That’s a awesome install... 


Sent from my iPhone using Tapatalk


----------



## Babs (Jul 6, 2007)

benny z said:


> - definitely engage "SPL mode" vs "SQ mode" - it changes the output levels pretty drastically. SQ mode left me wishing it had more output...after switching it to SPL mode i have no desire for more output. idk why it even has an "SQ" mode, as i hear no difference in quality between the modes...just output.


I was unaware those had such "mode" settings.

Makes me wonder why the other separate Helix amps don't get any mention, such as the D Four or D Four etc.


----------



## drsaab (Jun 9, 2017)

Babs said:


> I was unaware those had such "mode" settings.
> 
> Makes me wonder why the other separate Helix amps don't get any mention, such as the D Four or D Four etc.


Yes, how do you switch between these modes?


----------



## banshee28 (Mar 23, 2006)

benny z said:


> - definitely engage "SPL mode" vs "SQ mode" - it changes the output levels pretty drastically. SQ mode left me wishing it had more output...after switching it to SPL mode i have no desire for more output. idk why it even has an "SQ" mode, as i hear no difference in quality between the modes...just output.
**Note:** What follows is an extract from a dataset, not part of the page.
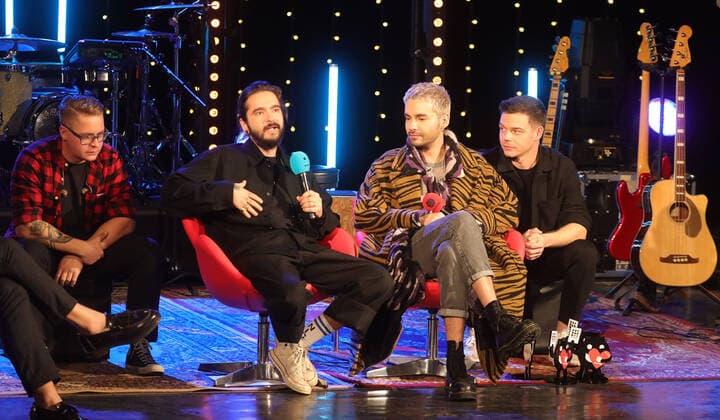 14.12.2020 Sachsen Anhalt Sachsen-Anhalt Halle Saale mdr Jump Friends of 2020 Friends of Sputnik livestream Show Friends of 2020 mit ILIRA, Nicolas Puschmann, Caro Cult, Thomas Röhler, Tokio Hotel geführt durch Sissy Metzschke Foto: Tokio Hotel ( Bill Kaulitz , guitarist Tom Kaulitz , drummer Gustav Schäfer , and bassist Georg Listing )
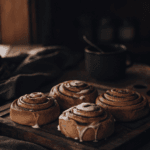 Rollos de Canela con Pan de Plátano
 So, I think the reason for these 2 modes is simply the SQ mode will limit any clipping when detected. However I question that partially since even though I am not sending a clipped signal (Android BT to Audioengine B1) and at very low volume levels not anywhere close to clipping, and the SPL setting is always much louder like mentioned!

I currently have mine with SQ for ch 1-4 and SPL for midbass 5-6. I may change that soon, but for now the levels are ok. I think if gains are set right and there is never a clipped signal from the input, SPL mode should be fine.
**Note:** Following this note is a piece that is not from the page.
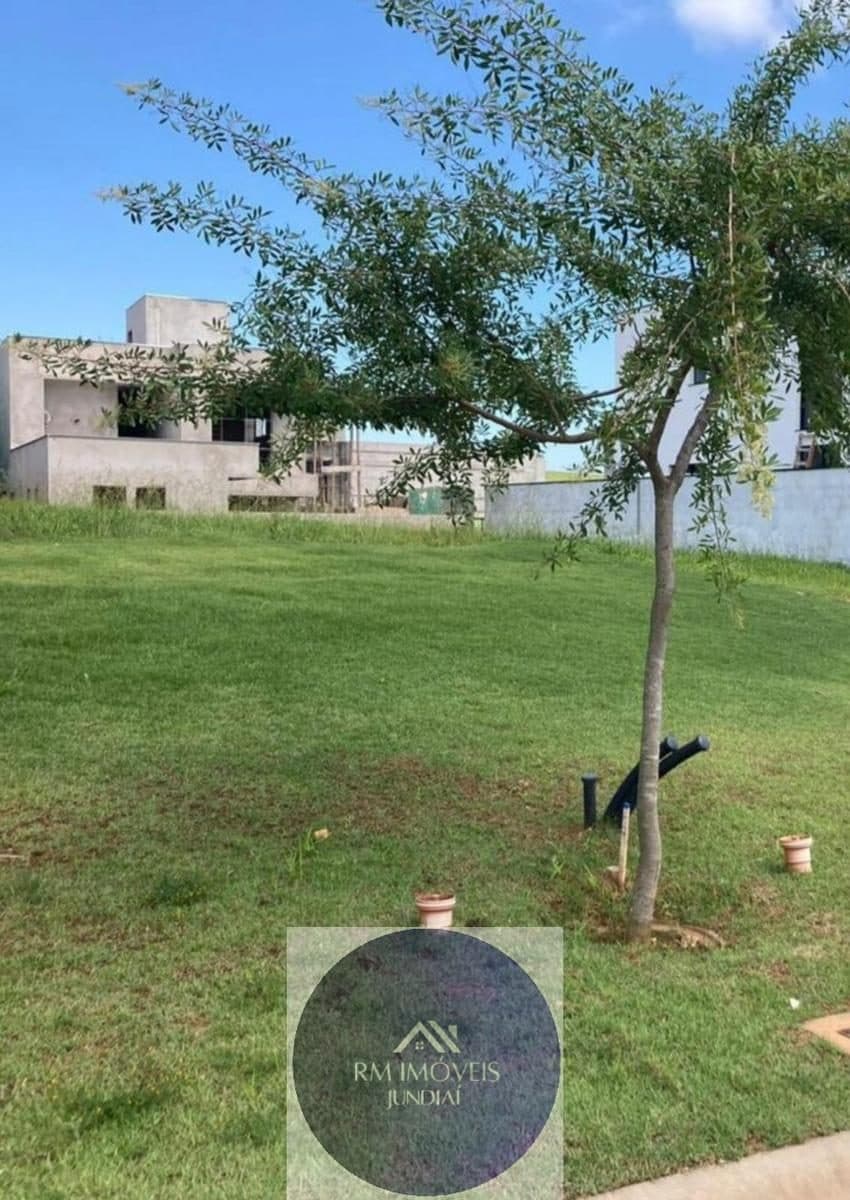 Terreno de 327 m² à venda em Jardim Novo Mundo — foto 1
Do you know if the outputs can be set to the highest (+5 I think) with no clipping?

As to the OP, yes I think the SQ is great and I cant tell any real diff between my old A/B Arc amps I used in the past, so I say go for it!


----------



## Elektra (Feb 4, 2013)

Thanks Guys if there SQ is comparable and is decent given the size and output of the amp and the DSP it’s a great solution to stealth setup where space for kids bags etc and wife’s bags take up most of the space..

I may give this a try as it’s about $200 more than the DSP pro 

I’ll still get the DSP PRO for the other car as I do have 2 Directors already


Sent from my iPhone using Tapatalk


----------



## benny z (Mar 17, 2008)

See! There ya go. Buy it, do your own testing, and report back. I think you’ll be happy.


----------



## Elektra (Feb 4, 2013)

benny z said:


> See! There ya go. Buy it, do your own testing, and report back. I think you’ll be happy.




I think I might just do that.... besides I know anything Helix makes is not going to be a bad product and even if it’s not quite as good as a AB amp it should be miles better than what I have in the car already...

Maybe I’ll also get that SPL amp they have for the sub... 


Sent from my iPhone using Tapatalk


----------



## benny z (Mar 17, 2008)

Elektra said:


> I think I might just do that.... besides I know anything Helix makes is not going to be a bad product and even if it’s not quite as good as a AB amp it should be miles better than what I have in the car already...
> 
> Maybe I’ll also get that SPL amp they have for the sub...
> 
> ...




The spxl? It’s a good amp, too. But - it’s got a loud fan on it... not sure what vehicle it’s going in...if it’s a car with a trunk it’ll be fine. If it’s a hatchback you’ll hear the fan when it’s otherwise quiet in the car. You could interrupt the fan with a switch up front if you’re sitting still in the car and want to turn the fan off.

But it’s a super powerful sub amp!


----------



## Elektra (Feb 4, 2013)

benny z said:


> The spxl? It’s a good amp, too. But - it’s got a loud fan on it... not sure what vehicle it’s going in...if it’s a car with a trunk it’ll be fine. If it’s a hatchback you’ll hear the fan when it’s otherwise quiet in the car. You could interrupt the fan with a switch up front if you’re sitting still in the car and want to turn the fan off.
> 
> But it’s a super powerful sub amp!




I have a BMW sedan so I think it’s fine - can this amp also be hidden? 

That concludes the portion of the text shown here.